- Opening Delimiter -

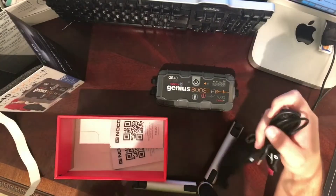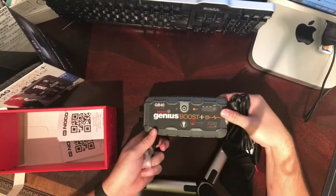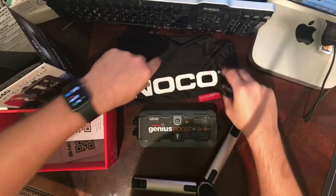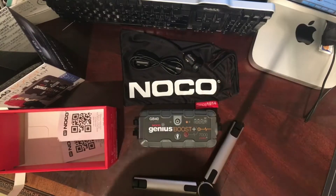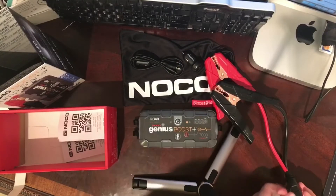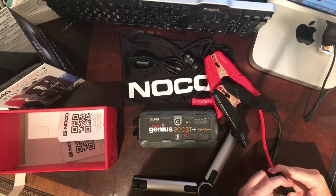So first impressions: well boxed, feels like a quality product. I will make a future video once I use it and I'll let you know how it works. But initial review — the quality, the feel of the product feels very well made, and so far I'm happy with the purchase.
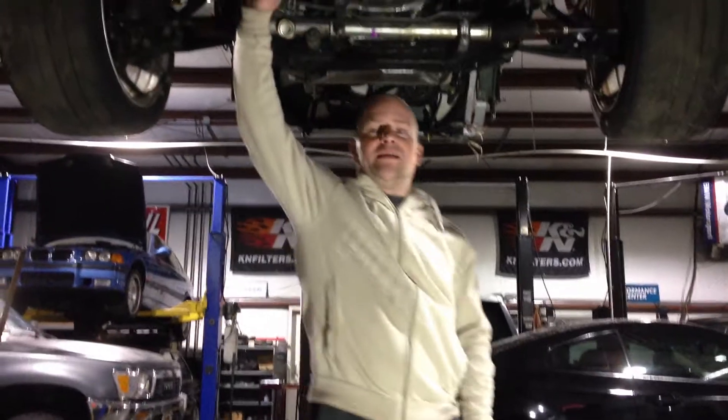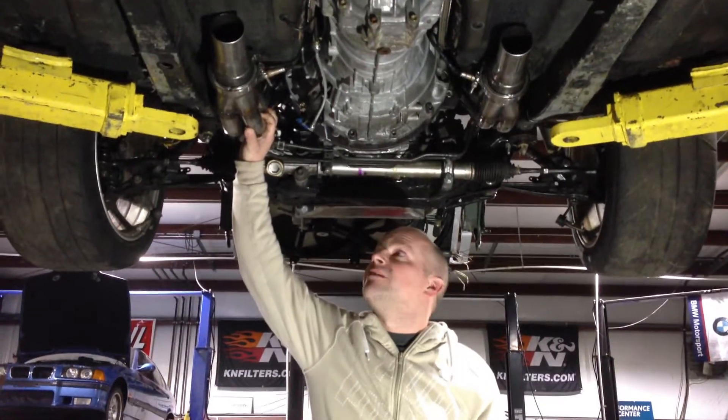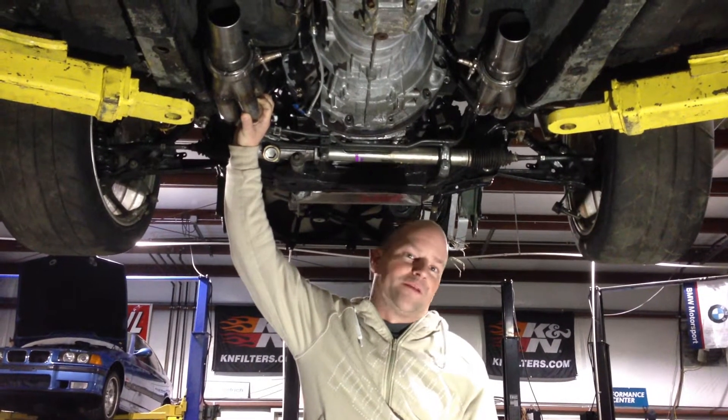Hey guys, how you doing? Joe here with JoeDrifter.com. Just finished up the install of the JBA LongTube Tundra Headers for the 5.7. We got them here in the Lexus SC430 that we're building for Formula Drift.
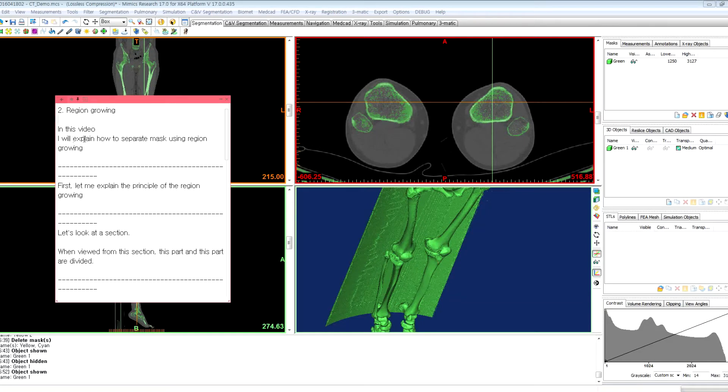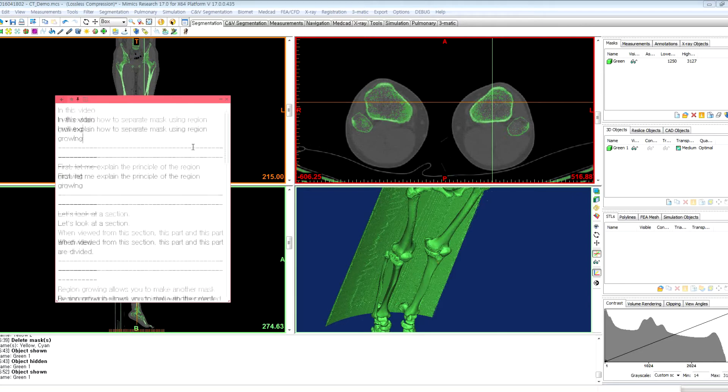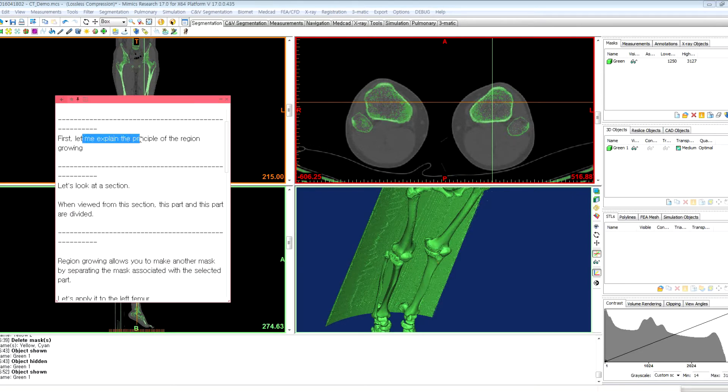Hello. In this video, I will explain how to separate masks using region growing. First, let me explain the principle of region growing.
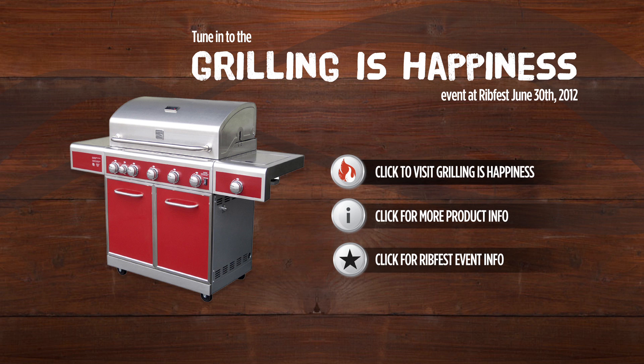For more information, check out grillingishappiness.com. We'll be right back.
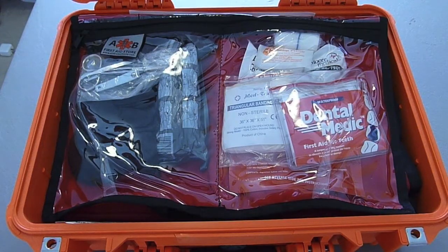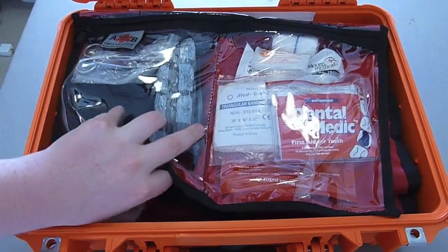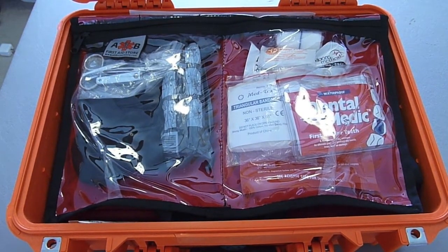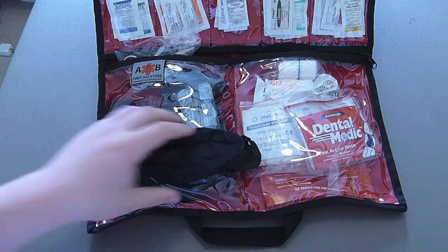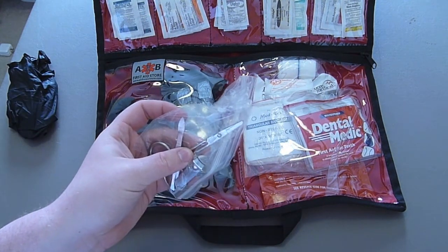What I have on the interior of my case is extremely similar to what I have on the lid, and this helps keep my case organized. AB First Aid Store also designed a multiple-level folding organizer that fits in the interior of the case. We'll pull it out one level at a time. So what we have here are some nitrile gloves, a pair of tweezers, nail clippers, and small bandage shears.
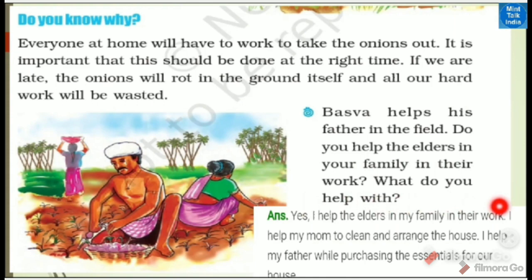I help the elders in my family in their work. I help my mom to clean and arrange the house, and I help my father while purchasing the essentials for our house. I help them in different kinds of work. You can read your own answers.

- Closing Delimiter -
- Opening Delimiter -

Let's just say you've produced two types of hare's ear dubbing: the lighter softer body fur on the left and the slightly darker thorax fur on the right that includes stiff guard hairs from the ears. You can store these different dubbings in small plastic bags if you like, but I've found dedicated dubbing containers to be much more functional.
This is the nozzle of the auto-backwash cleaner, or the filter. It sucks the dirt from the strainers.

- Closing Delimiter -

Problem requirements: Above are the records; return the lines in them from the one with "So first impressions: well" to the one with "I help the elders", inclusive, exactly and without images.

Answer to this task:
So first impressions: well boxed, feels like a quality product. I will make a future video once I use it and I'll let you know how it works. But initial review — the quality, the feel of the product feels very well made, and so far I'm happy with the purchase.
Hey guys, how you doing? Joe here with JoeDrifter.com. Just finished up the install of the JBA LongTube Tundra Headers for the 5.7. We got them here in the Lexus SC430 that we're building for Formula Drift.
Hello. In this video, I will explain how to separate masks using region growing. First, let me explain the principle of region growing.
For more information, check out grillingishappiness.com. We'll be right back.
What I have on the interior of my case is extremely similar to what I have on the lid, and this helps keep my case organized. AB First Aid Store also designed a multiple-level folding organizer that fits in the interior of the case. We'll pull it out one level at a time. So what we have here are some nitrile gloves, a pair of tweezers, nail clippers, and small bandage shears.
I help the elders in my family in their work. I help my mom to clean and arrange the house, and I help my father while purchasing the essentials for our house. I help them in different kinds of work. You can read your own answers.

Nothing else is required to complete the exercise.